# Task statement:
Once the line containing "Daigasエナジー実験施設" is found in the entries below, restate it and each following line word for word, stopping after the line containing "Deep Learning Models".

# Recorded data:
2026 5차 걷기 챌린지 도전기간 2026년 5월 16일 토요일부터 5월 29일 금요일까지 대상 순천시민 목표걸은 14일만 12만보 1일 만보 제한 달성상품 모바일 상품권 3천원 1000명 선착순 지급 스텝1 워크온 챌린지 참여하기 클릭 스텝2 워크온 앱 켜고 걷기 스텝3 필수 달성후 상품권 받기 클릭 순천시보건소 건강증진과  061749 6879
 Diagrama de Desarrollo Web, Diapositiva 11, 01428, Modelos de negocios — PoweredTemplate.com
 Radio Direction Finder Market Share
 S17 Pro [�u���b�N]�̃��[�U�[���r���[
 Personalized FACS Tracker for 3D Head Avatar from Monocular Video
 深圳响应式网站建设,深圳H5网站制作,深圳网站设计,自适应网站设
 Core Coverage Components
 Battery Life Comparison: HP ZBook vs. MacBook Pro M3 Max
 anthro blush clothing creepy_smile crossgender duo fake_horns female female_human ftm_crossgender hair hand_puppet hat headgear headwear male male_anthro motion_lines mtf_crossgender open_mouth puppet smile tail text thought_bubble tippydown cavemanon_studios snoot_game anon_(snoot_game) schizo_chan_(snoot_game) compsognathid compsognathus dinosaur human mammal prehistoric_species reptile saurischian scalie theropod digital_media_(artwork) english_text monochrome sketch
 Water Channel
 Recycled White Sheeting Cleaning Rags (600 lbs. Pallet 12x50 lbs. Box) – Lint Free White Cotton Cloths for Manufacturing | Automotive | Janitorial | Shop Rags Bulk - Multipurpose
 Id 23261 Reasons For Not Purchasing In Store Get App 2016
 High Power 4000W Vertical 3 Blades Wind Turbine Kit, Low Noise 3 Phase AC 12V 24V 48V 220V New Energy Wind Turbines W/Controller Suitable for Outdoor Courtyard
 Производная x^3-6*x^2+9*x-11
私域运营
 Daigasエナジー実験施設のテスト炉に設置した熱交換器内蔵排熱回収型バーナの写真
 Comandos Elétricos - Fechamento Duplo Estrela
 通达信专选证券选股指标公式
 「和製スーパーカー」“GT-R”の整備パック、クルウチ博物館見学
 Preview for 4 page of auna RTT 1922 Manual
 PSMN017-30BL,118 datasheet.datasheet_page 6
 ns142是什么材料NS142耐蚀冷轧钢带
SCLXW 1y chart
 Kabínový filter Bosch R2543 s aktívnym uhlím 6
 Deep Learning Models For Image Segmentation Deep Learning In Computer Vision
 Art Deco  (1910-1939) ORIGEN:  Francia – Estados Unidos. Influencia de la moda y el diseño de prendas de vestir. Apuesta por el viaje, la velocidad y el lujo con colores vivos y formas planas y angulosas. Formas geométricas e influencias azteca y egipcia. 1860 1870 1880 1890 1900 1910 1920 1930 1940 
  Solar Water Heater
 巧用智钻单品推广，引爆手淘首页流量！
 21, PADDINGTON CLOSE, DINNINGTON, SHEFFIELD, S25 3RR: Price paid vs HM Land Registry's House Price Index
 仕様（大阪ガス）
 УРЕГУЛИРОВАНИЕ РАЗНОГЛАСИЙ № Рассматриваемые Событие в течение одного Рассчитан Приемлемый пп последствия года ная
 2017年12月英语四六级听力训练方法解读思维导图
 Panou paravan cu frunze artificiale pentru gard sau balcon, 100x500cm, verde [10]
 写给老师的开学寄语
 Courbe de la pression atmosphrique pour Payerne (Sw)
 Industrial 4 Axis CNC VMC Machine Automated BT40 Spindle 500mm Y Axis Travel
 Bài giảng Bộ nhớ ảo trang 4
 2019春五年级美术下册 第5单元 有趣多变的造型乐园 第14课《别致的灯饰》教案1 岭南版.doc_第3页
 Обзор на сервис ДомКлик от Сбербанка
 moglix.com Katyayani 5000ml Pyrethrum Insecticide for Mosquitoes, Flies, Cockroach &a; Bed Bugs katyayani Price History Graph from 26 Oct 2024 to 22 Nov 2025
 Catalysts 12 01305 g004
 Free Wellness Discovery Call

# Exercise answer:
 Daigasエナジー実験施設のテスト炉に設置した熱交換器内蔵排熱回収型バーナの写真
 Comandos Elétricos - Fechamento Duplo Estrela
 通达信专选证券选股指标公式
 「和製スーパーカー」“GT-R”の整備パック、クルウチ博物館見学
 Preview for 4 page of auna RTT 1922 Manual
 PSMN017-30BL,118 datasheet.datasheet_page 6
 ns142是什么材料NS142耐蚀冷轧钢带
SCLXW 1y chart
 Kabínový filter Bosch R2543 s aktívnym uhlím 6
 Deep Learning Models For Image Segmentation Deep Learning In Computer Vision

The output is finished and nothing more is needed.